The fieldwork is recent and conventional: 1,000 adults, interviewed in person nationwide between 9 and 15 June 2026.

How Close to Home It Gets

What lifts this beyond an abstract worry is how many people report personal proximity. More than 40% report knowing someone who has taken drugs or still does, and close to half count at least one affected person in their circle. The breakdown is telling: for 2% it is close family, for 7% a colleague or classmate, and for 11% a friend or casual acquaintance, with exposure running noticeably higher among people under 30.

'Nearly six out of ten believe that there is easy access to drugs in their locality,' the survey notes. Ask around any kafene and you will hear the same conviction delivered as settled fact; Trend has now put a number on it.

What Bulgarians Blame, and What They Want Done

Asked why young people take drugs, respondents most often point to curiosity and experimentation (50%), followed by peer pressure (42%), easy availability (39%) and a lack of parental control (37%).

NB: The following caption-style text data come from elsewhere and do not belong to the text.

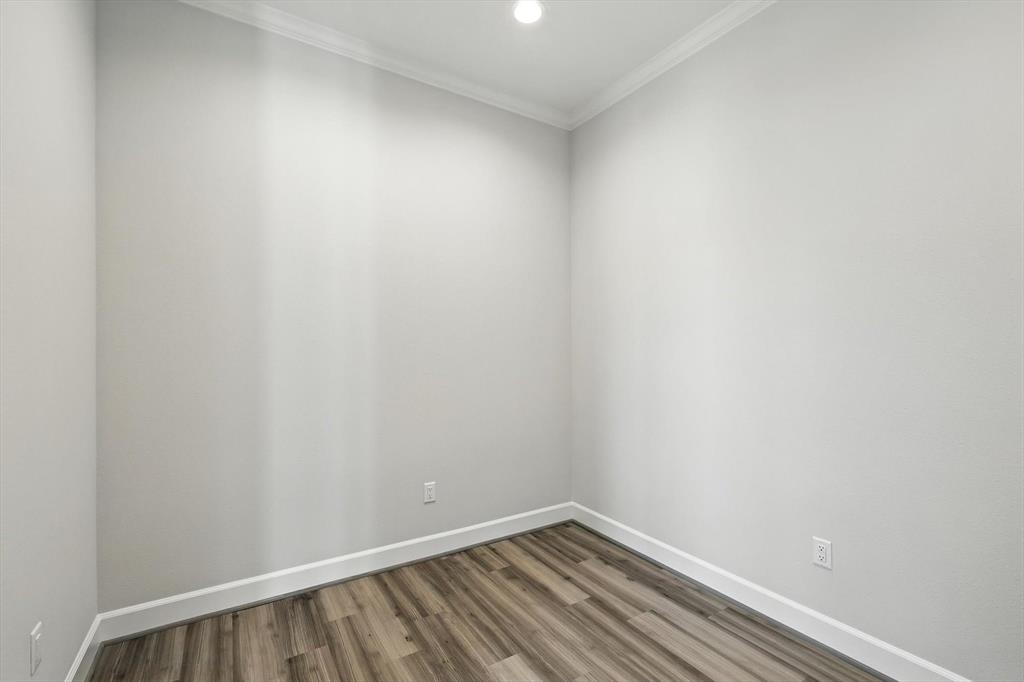 Monarch Crossing - Commercial Lease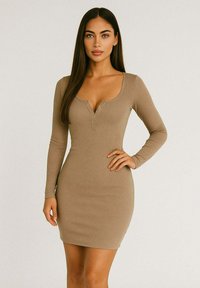 Beżowa sukienka z długim rękawem i prążkowanym wzorem, o dopasowanym kroju, okrągłym dekolcie oraz zapięciem na trzy guziki z przodu. Gładka faktura.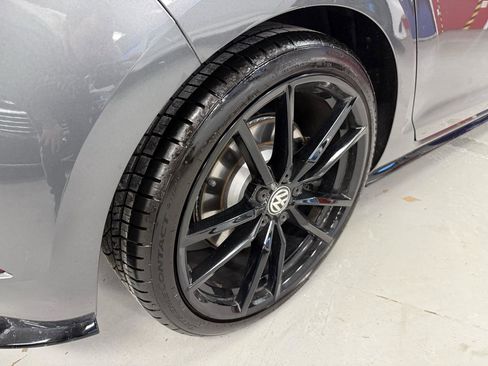 Used 2019 Volkswagen Golf R 4-Door image 14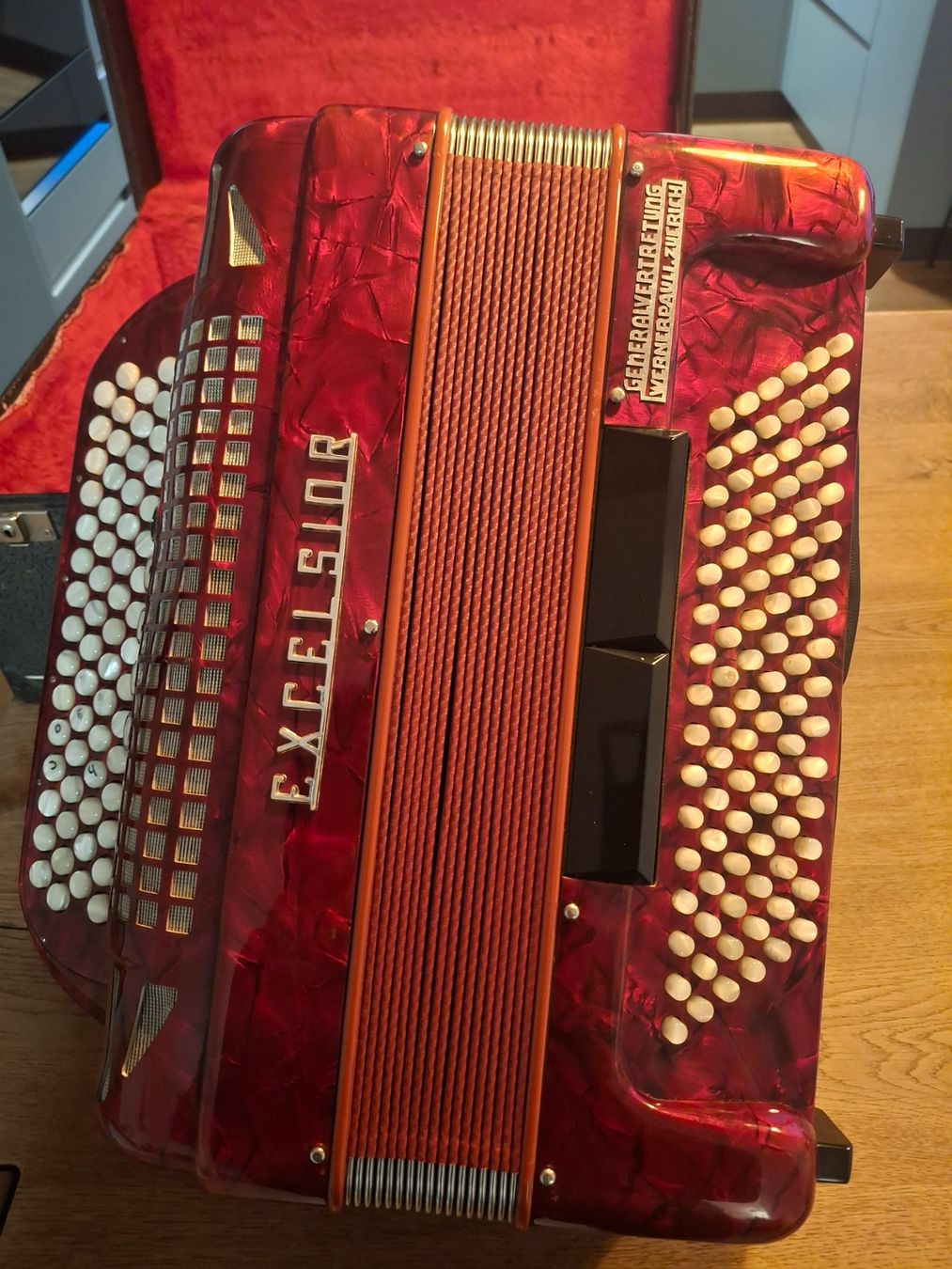 Excelsior Strumenti musicali: Exelsior Handorgel – Usato da Giswil venduto da Sfmmv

On responses, the public mood is firmly for enforcement over other approaches. Stiffer sentences for dealers draw 65% support and tighter control of the supply chain 64%, while 45% want more police around schools and other risk points.

Reading It as a Survey, Not a Census

One honest caveat belongs next to every figure above: this is a perception study. It measures what 1,000 adults believe about drugs, not how much is actually consumed or seized; the six-in-ten figure on easy access records a conviction, not a test purchase. That does not make it unimportant, public perception is what shifts policy, but the survey offers no measurement of actual drug prevalence, and it did not report comparisons with earlier years. Where the source leaves those questions open, so does this article.

What This Means for British Expats

For British expats raising children in Bulgaria, the findings worth sitting with are the two about proximity: exposure is most common among the under-30s, and a majority of adults believe supply is easy to come by locally. Neither should induce panic, and neither says anything about your particular town, but they are a reasonable prompt for the same conversations parents would be having in the UK. On schools, the survey records the wish, not a plan: 45% of respondents want a more visible police presence around them. Our education guide covers how Bulgarian schools work day to day.

And the political read is short: when nearly two thirds of the country wants tougher penalties for dealers, parties will notice. Whether that hardens into legislation is not something the survey can say.